- _Work to complete_
Skip the pictures. Retype exactly, and only, the lines between the line holding "申京命中三, 龄在这, GLYAA 申京命中三, 龄在这, GLYAA" and the last line below, inclusive.

---

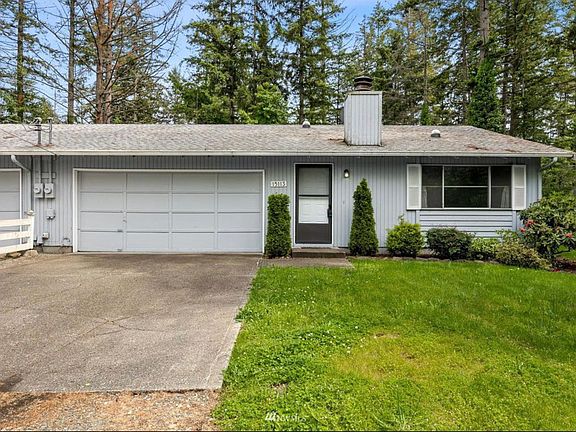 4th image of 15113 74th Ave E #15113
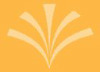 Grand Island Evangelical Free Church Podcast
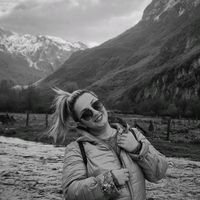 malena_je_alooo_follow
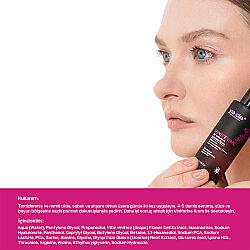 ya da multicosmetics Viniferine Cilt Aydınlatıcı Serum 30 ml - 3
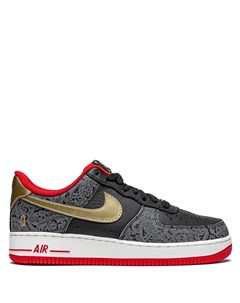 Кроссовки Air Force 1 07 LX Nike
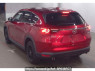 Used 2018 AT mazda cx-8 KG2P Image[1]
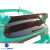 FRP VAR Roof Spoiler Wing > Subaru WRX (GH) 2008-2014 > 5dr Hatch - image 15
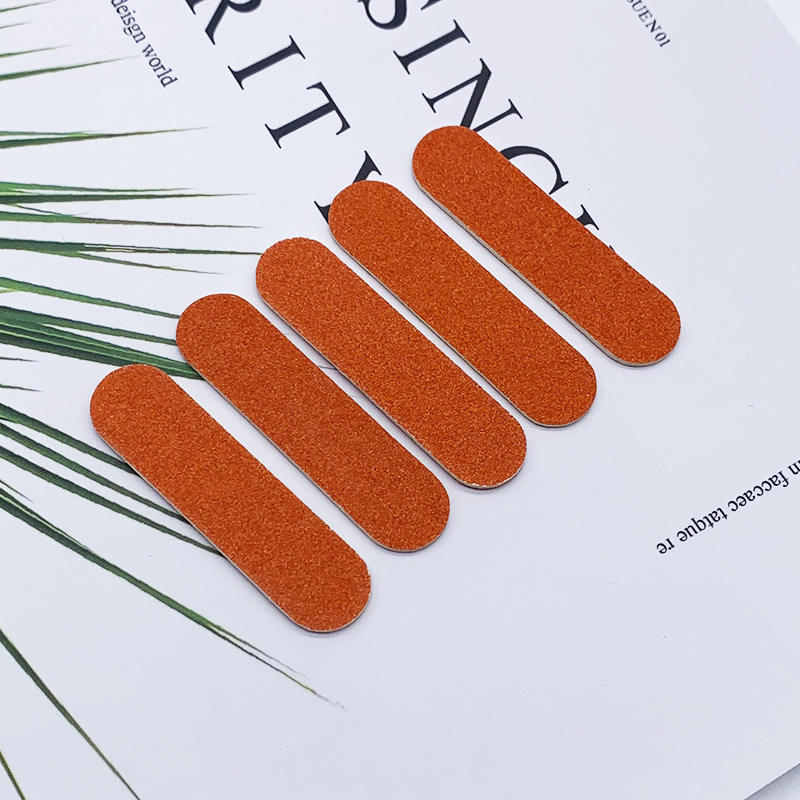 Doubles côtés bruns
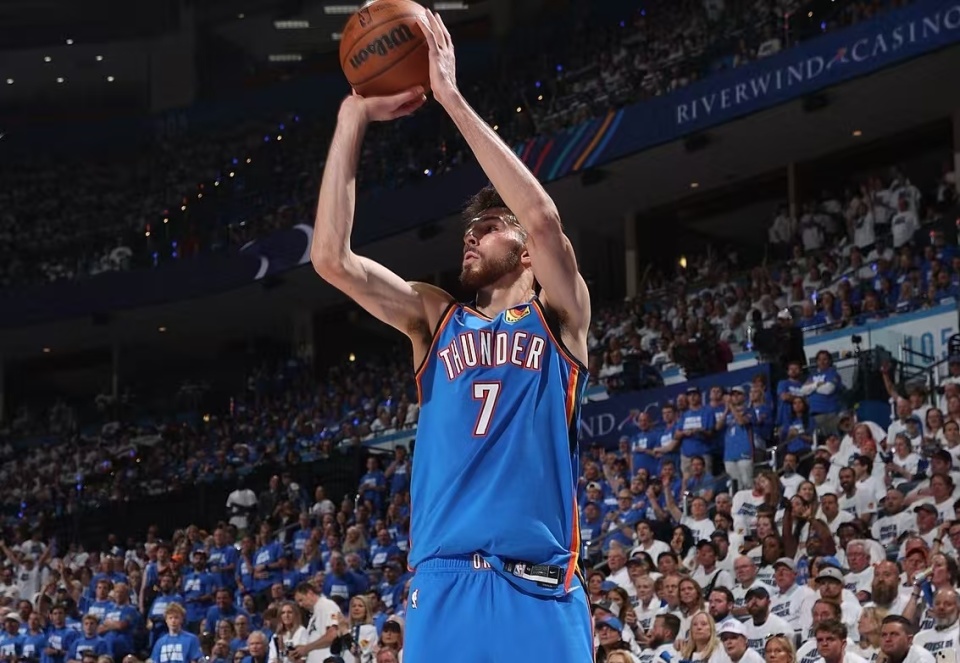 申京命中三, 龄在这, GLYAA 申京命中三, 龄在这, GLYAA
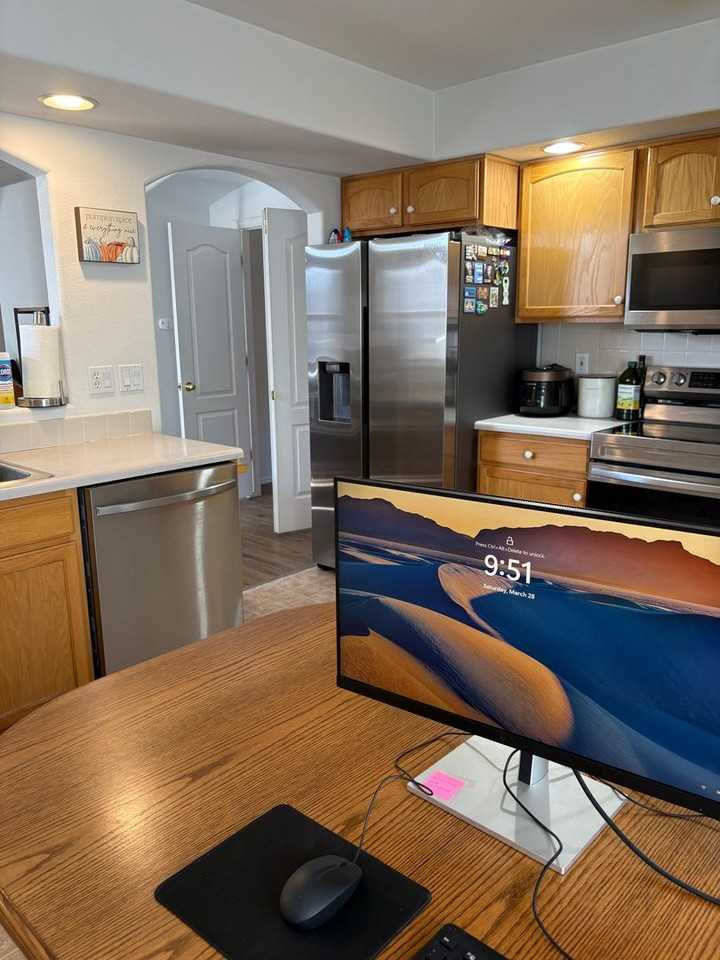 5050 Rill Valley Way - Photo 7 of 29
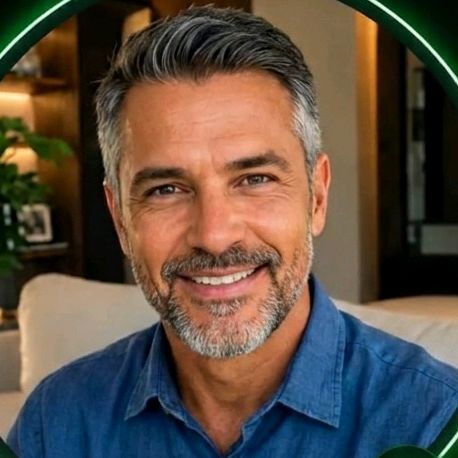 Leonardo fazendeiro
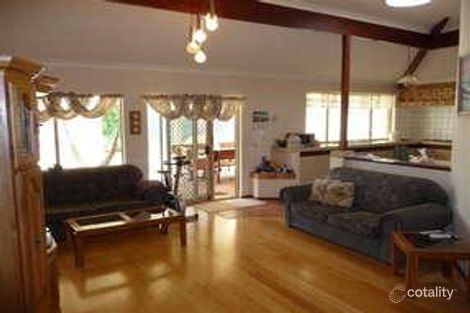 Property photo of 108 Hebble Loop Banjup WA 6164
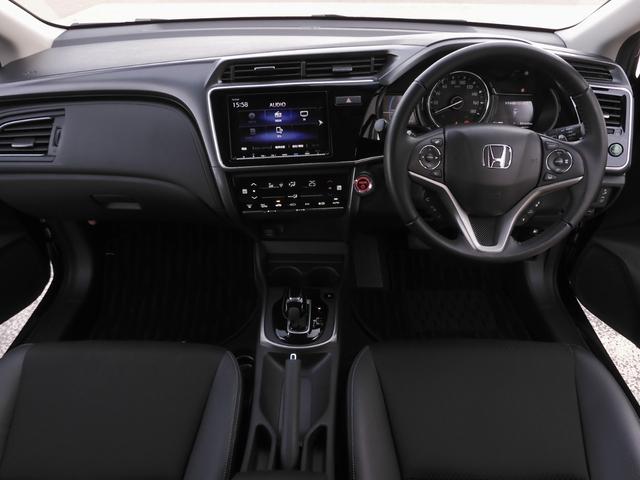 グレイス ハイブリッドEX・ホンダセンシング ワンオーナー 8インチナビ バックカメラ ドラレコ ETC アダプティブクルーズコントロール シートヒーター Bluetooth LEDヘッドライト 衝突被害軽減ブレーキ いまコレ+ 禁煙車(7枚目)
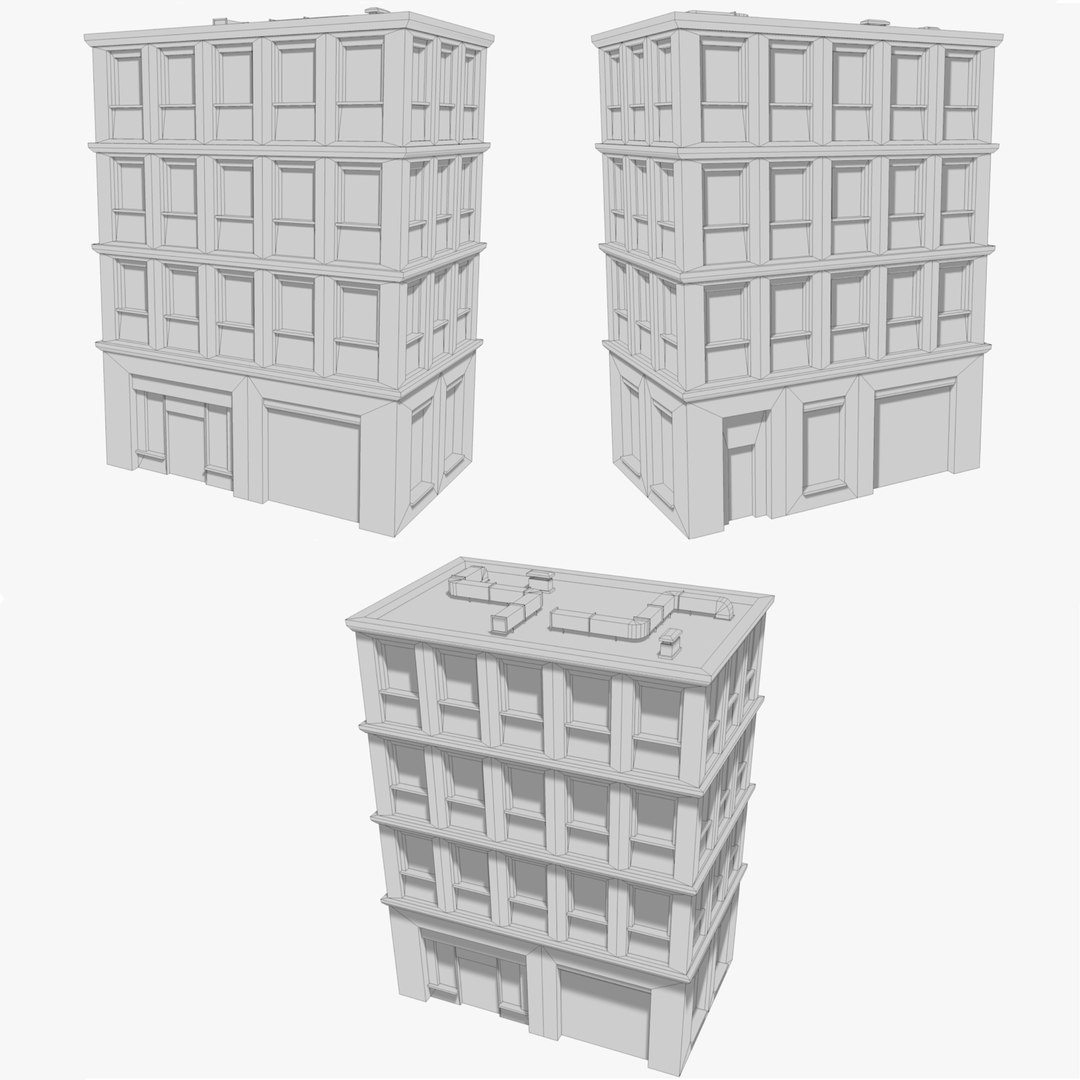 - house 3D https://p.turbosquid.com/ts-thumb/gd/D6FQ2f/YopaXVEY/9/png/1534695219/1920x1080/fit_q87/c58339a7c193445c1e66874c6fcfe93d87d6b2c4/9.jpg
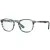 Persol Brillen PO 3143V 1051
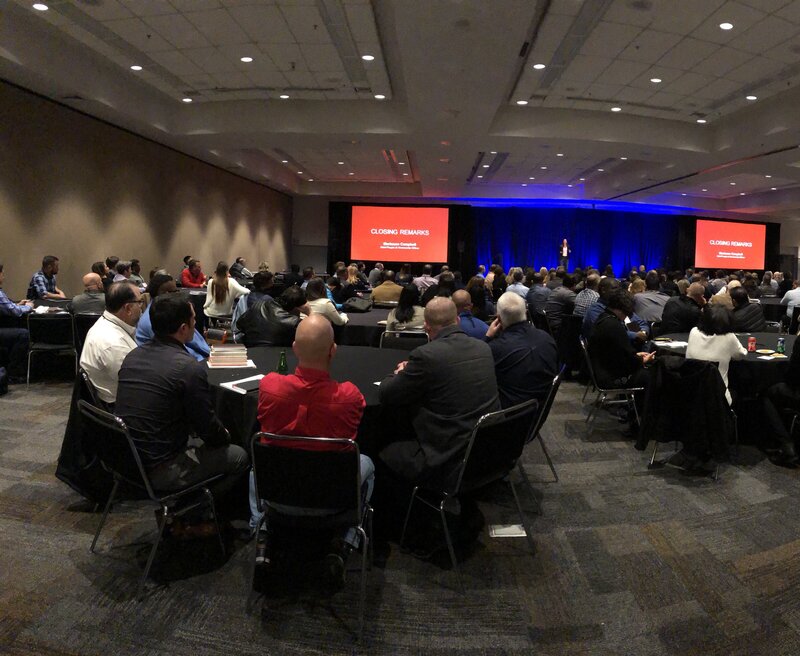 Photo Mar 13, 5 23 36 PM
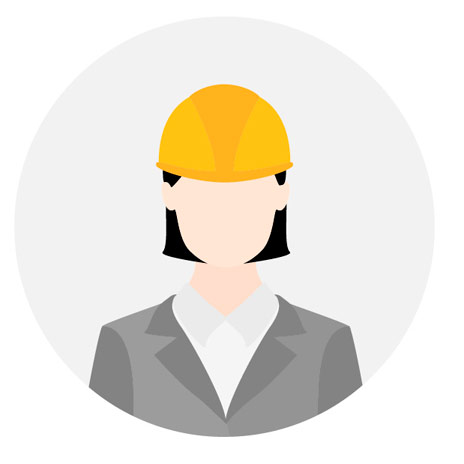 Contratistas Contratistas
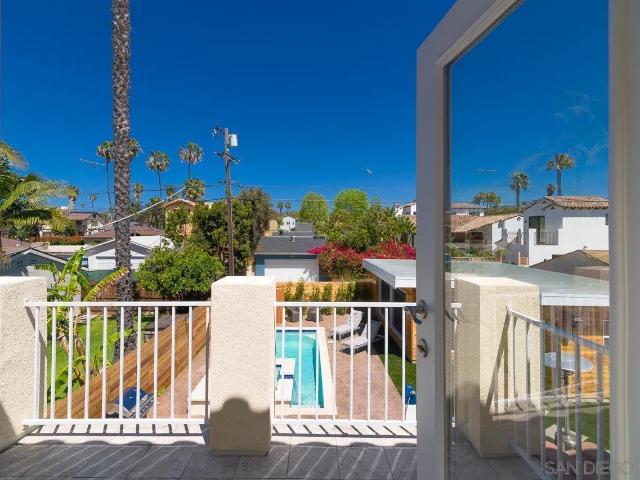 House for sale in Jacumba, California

---

- _Solved problem_
 申京命中三, 龄在这, GLYAA 申京命中三, 龄在这, GLYAA
 5050 Rill Valley Way - Photo 7 of 29
 Leonardo fazendeiro
 Property photo of 108 Hebble Loop Banjup WA 6164
 グレイス ハイブリッドEX・ホンダセンシング ワンオーナー 8インチナビ バックカメラ ドラレコ ETC アダプティブクルーズコントロール シートヒーター Bluetooth LEDヘッドライト 衝突被害軽減ブレーキ いまコレ+ 禁煙車(7枚目)
 - house 3D https://p.turbosquid.com/ts-thumb/gd/D6FQ2f/YopaXVEY/9/png/1534695219/1920x1080/fit_q87/c58339a7c193445c1e66874c6fcfe93d87d6b2c4/9.jpg
 Persol Brillen PO 3143V 1051
 Photo Mar 13, 5 23 36 PM
 Contratistas Contratistas
 House for sale in Jacumba, California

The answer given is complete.